Frankenstein 2.0

For prior posts see blog 1, blog 2, blog 3.

For a blog post outlining the prototype ‘Dr Canonical’ and full details, see blog 4.

Frankenstein Download: Coming Soon.

This is a project I’ve been (belatedly) working on with Prof. Hayden Lorimer and Dr Pip Thornton (both at the University of Edinburgh) as part of a broader project on ‘Spoken Word Data‘ funded by the EPSRC Human Data Interaction (HDI) Network +.

As on the HDI website:

This project contributes to an ongoing academic and artistic intervention into the ways in which everyday language-use has become commodified by the technologies of digital capitalism, and the significant ethical implications this development is having upon our lives through personalisation and the transforming of the spaces in which we live. By finding ways to make the processes and politics of the digital economy more visible and legible to wide and diverse audiences, this project proposes two new artistic interventions which expose and challenge the ways in which AI based technologies such as search engines, home assistants, and other smart IoT devices transform, twist, and render into commodities the words that we speak

As part of the growth of home assistants like Siri and Alexa – and other voice-activated computation – we considered what it would mean to challenge and interrogate the promises of AI. In the case of Frankenstein 2.0, this was to offer ways to understand how machine learning – without big data and extensive (cloud) computing power provided by ‘big tech’ – could be reasonably worked with on a single desktop computer, by someone who is reasonably computer literate (i.e. me).

Thus, this project was born out of a condition of thinking what could be done, and how much could be gleaned, by feeding Frankenstein 2.0 with a variety of different texts in order to make it speak like an author. But, more importantly, what questions could we ask it?1 One of these is Mary Shelly and her work Frankenstein (and, of course, the inspiration for this piece of work). In future blog posts, I will articulate some of the technical detail and some of the hurdles of dealing with non-cloud based systems for voice recognition, for instance. The aim of this project is also to make it available in an executable format for others to try out.

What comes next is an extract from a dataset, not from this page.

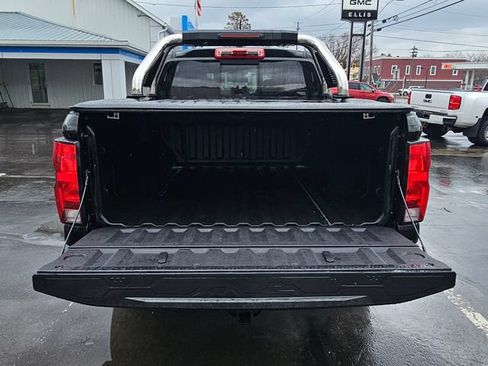 Used 2023 Chevrolet Colorado LT w/ LT Convenience Package II AWD/4WD image 11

The ‘prototype’ of this piece was on a plenary panel as Dr Canonical at the Critical Legal Conference – Frankenlaw – in Dundee in September 2021. This produced quite a few laughs, audio feedback (part of the valiant efforts at doing a blended, hybrid online/physical conferences), and some fascinating questions around the logics of AI for thinking about the law. This was a conference I’d never heard of before, but it was absolutely brilliant. Below are some tweets from the day.


1 Anyone who knows a bit more about this will realise that one cannot ask questions to a text without the machine learning having a range of question / answer data. Of course, we could not do this, so instead we simply use a Markov chain with a seed from a question.